Hemos cometido los mismos errores que llevaron al hundimiento de las democracias liberales en tiempos de la República de Weimar. Desde que los aliados entraron en el infierno de Auschwitz hemos estado viviendo en un sueño efímero, provisional, el derivado de confundir democracia con sociedad de consumo y libertad con capitalismo, y eso que Walter Benjamin ya nos avisó de los peligros de las nuevas plataformas de comunicación del siglo XX como canales políticos para la instauración del nazismo. No hemos salido de la obra de arte en la época de su reproductibilidad técnica, como escribió el genio alemán, y si en los años veinte del pasado siglo eran la fotografía o el cine los que alienaban al personal y se ponían al servicio de la causa del fascismo, hoy son esos estúpidos memes y cortometrajes goebbelsianos de Youtube los que se reduplican hasta la saciedad, millones de veces al segundo, por arte de magia del bot o algoritmo. La mentira se ha reproducido tantas veces que ha terminado por hacerse realidad. Todo lo que está ocurriendo lo vio venir el atormentado Benjamin (a quien ya no lee nadie) aquel judío errante perseguido por los nazis que no encontró más salida que una liberadora dosis de morfina para escapar de la pesadilla. A ese Portbou de terror, a esa ratonera letal, nos quieren arrastrar a todos por segunda vez.

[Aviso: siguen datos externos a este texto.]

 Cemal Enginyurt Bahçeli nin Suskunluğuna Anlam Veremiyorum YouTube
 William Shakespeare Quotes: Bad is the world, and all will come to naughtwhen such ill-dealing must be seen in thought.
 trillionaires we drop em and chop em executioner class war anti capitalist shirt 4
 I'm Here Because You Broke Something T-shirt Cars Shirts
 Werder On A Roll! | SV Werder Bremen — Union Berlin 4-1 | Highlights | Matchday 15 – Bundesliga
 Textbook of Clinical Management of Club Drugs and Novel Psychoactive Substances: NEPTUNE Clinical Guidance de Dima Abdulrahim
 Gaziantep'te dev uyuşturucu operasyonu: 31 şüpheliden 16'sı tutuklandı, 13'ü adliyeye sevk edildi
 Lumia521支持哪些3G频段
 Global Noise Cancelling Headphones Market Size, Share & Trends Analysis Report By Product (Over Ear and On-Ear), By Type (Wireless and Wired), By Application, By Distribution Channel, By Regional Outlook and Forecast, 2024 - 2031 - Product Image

Ochenta años de la liberación de Auschwitz por el Ejército soviético. Ochenta años de pacífica civilización (la civilización es la más inalcanzable de las utopías). Todo niño debería visitar al menos una vez en la vida ese campo de exterminio en el que fueron asesinadas más de un millón de personas. Pero lo hemos dejado pasar, nos hemos convertido en suicidas de la memoria, y el santuario del Holocausto ha terminado por reciclarse en un gran campo de atracciones mediático para que los youtubers y bellas influencers retransmitan sus idioteces digitales y sesiones de maquillaje globalizantes a pie de horno crematorio, entre el paredón y el macabro Bloque 11. Hemos convertido el escenario del relato más pavoroso del ser humano en un teatro vacío sin resignificación ni interpretación alguna. Auschwitz ha quedado como un recuerdo lejano, como una de esas fechas de batallas antiguas en los polvorientos libros de historia. Una Gaugamela desconocida para la opinión pública de las democracias liberales decadentes. De nada han servido las pedagógicas películas de Spielberg sobre malvados nazis, ni los testimonios orales aún frescos de los pocos nonagenarios que siguen vivos para contarlo, ni los textos y escritos de los perseguidos como Hannah Arendt, Primo Levi, Simone Veil o Elie Wiesel. Los negacionistas del Holocausto que creen que Auschwitz fue una invención de los norteamericanos ya son legión, mientras el capitalismo salvaje (que no deja de ser el triunfo del fascismo económico) ha terminado por alienarnos a todos bajo aquel infame eslogan que colgaba a la entrada del infierno: Arbeit Machj Frei (“El trabajo hace libre”). La historia es una simple acumulación de errores que se repiten una y otra vez. Ya lo dijo Benjamin.